Borrowing costs for European governments have surged since French President Emmanuel Macron called snap parliamentary elections on June 9 after his party lost heavily in EU elections, stirring fears that this could lead to another Eurozone debt crisis.

Polls indicate Marine Le Pen’s far-right Rassemblement National could win next month’s election and a new leftwing bloc could be the main opposition party. This is raising concerns that France could go on a populist spending spree, which would push up the country’s already elevated debt levels and fuel tensions between Paris and Brussels.

Lane’s comments were backed up by ECB president Christine Lagarde.

“Price stability goes in parallel with financial stability,” Lagarde said on Monday while visiting a quantum computing research site in Massy, southwest of Paris. “We are attentive to the good functioning of financial markets, and . . . we’re continuing to be attentive, but it’s limited to that.”

Line chart of Government fiscal balance (% of GDP) showing France is already struggling to reduce its budget deficit

Some analysts think that an intensification of the bond sell-off would force the ECB to respond.

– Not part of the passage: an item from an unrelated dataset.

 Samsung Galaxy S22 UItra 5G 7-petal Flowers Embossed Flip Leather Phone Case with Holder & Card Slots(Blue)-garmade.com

The central bank gave itself powers in 2022 to buy unlimited amounts of a Eurozone country’s bonds to counter an unwarranted sell-off, but the scheme has not been activated and there is uncertainty over the conditions that would entail its usage.

Jörg Krämer, chief economist at German lender Commerzbank, said: “In an emergency the ECB would intervene. It would massively buy government bonds and stabilise the monetary union as it did back in 2012.”

Lane said the ECB had “made it clear” it would not tolerate market panic causing a meltdown of Eurozone bond markets owing to investors selling bonds indiscriminately because prices are falling in a way that “disrupts monetary policy”. 

But, declining to comment specifically on France, he contrasted this scenario of a “disorderly market dynamic” with a sell-off caused when investors were “reassessing fundamentals”.

The ECB’s “transmission protection instrument”, which it announced as it started to raise interest rates, specifies that it “can be activated to counter unwarranted, disorderly market dynamics” that interfere with monetary policy.

France’s finance minister Bruno Le Maire warned last week that a victory by the RN could lead to a “debt crisis” similar to the market chaos fuelled by former UK prime minister Liz Truss’s mini-budget in 2022.

Line chart of General government debt (% of GDP) showing France’s debt is rising well above the EU limit - unlike Germany

The spread between benchmark French and German yields — a market barometer for the risk of holding France’s debt — was 0.76 percentage points on Monday. That was down slightly from Friday’s level of 0.82 points, which was the highest since Le Pen reached the second round of the 2017 presidential election.

A Le Pen victory in next month’s parliamentary election could push up French 10-year borrowing costs by another 0.5 percentage points, according to analysts at German insurer Allianz. It added that any sell-off was likely to be contained by the “dampening effect” of potential ECB measures that have the ability to “calm markets down”.

France’s national debt has surged to more than 110 per cent of its gross domestic product — one of the highest levels in Europe — and it has been slower to reduce its budget deficit than most other countries after it reached 5.5 per cent last year.

The Eurozone’s second-largest economy is one of 11 EU members that the European Commission is expected to include in its excessive deficit procedure — stipulating measures to bring its debt down under the bloc’s new fiscal rules.